• Problem to work on
Output, word for word, each line from the one with "Схема рекламной плоскости" through the end of the listing below, excluding every picture.

• Input data
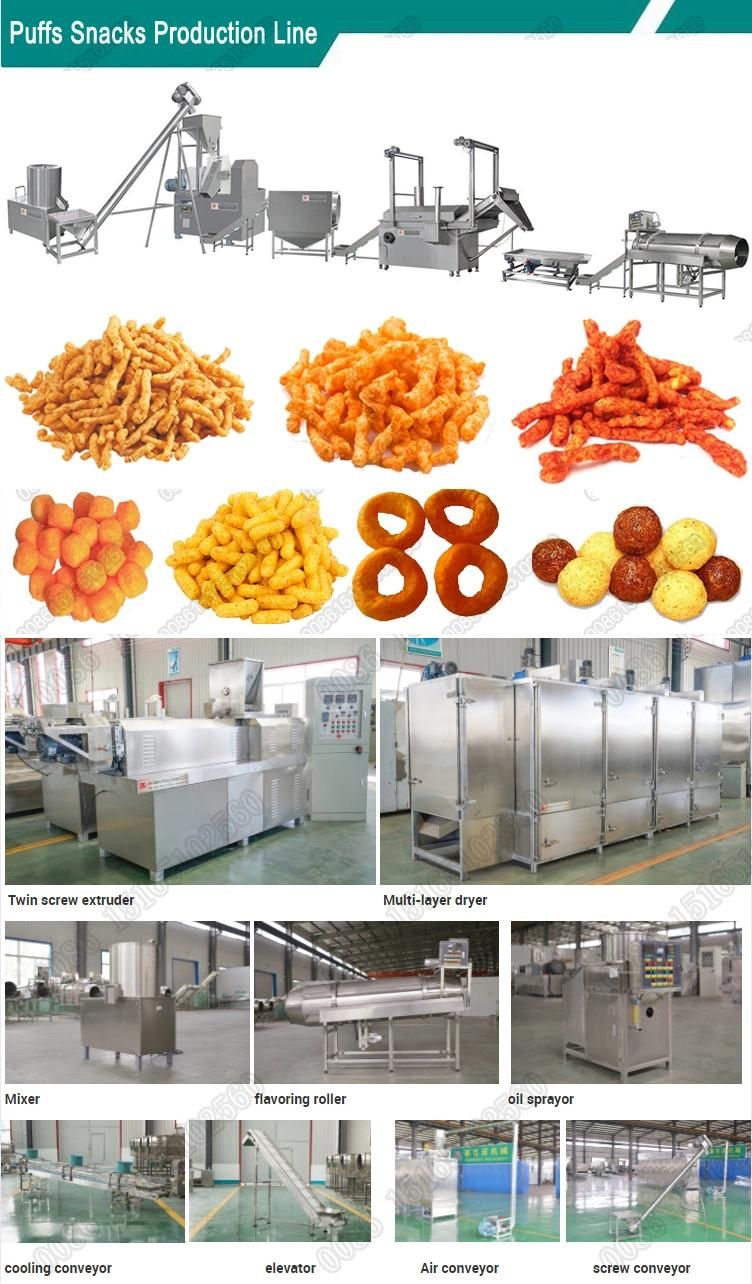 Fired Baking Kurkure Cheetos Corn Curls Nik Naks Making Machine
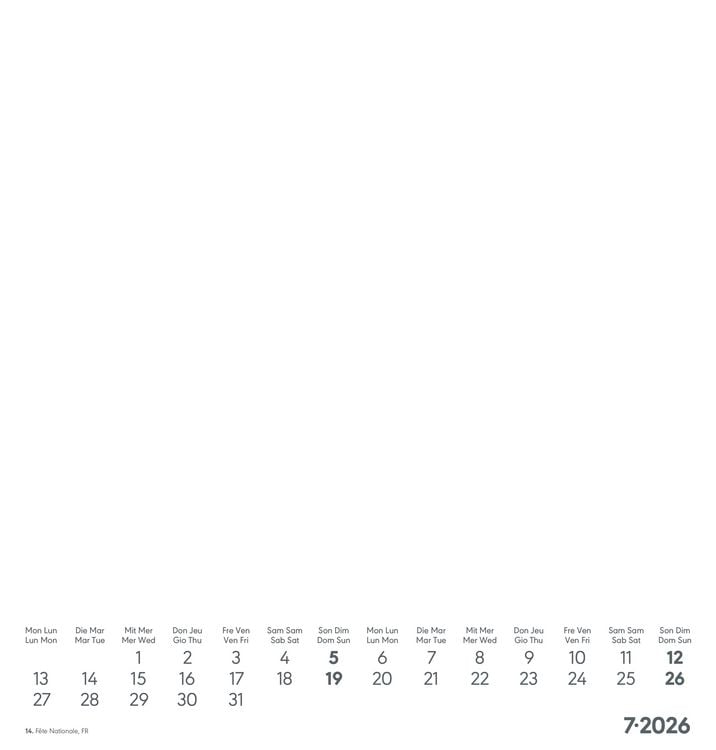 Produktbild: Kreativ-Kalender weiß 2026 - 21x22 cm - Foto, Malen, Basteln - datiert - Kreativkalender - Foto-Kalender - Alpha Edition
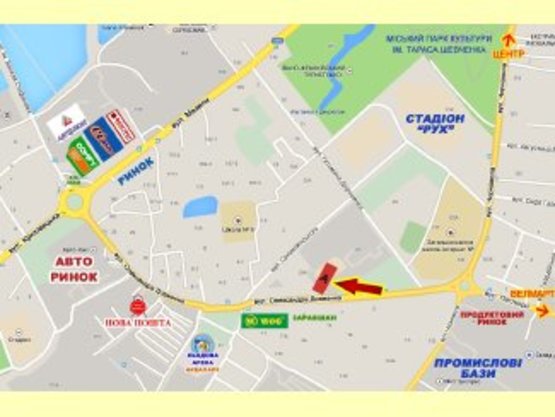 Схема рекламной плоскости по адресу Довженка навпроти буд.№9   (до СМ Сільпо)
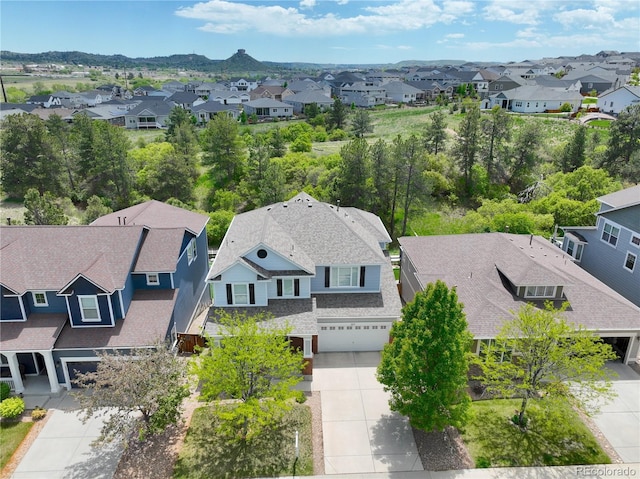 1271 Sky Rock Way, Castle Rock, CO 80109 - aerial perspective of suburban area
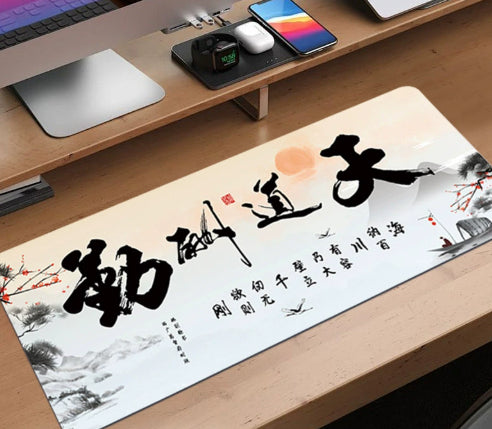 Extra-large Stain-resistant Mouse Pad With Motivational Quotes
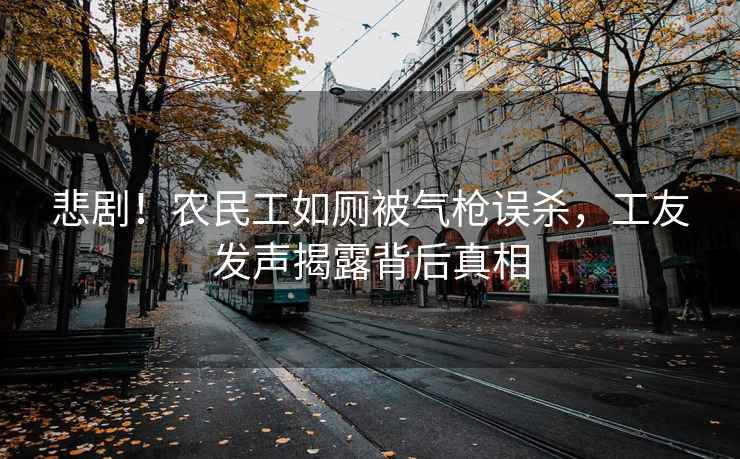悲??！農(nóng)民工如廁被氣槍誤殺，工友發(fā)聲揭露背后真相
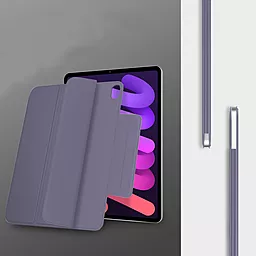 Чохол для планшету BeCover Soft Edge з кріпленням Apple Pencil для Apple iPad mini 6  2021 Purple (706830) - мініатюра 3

• Response
 Схема рекламной плоскости по адресу Довженка навпроти буд.№9   (до СМ Сільпо)
 1271 Sky Rock Way, Castle Rock, CO 80109 - aerial perspective of suburban area
 Extra-large Stain-resistant Mouse Pad With Motivational Quotes
悲??！農(nóng)民工如廁被氣槍誤殺，工友發(fā)聲揭露背后真相
 Чохол для планшету BeCover Soft Edge з кріпленням Apple Pencil для Apple iPad mini 6  2021 Purple (706830) - мініатюра 3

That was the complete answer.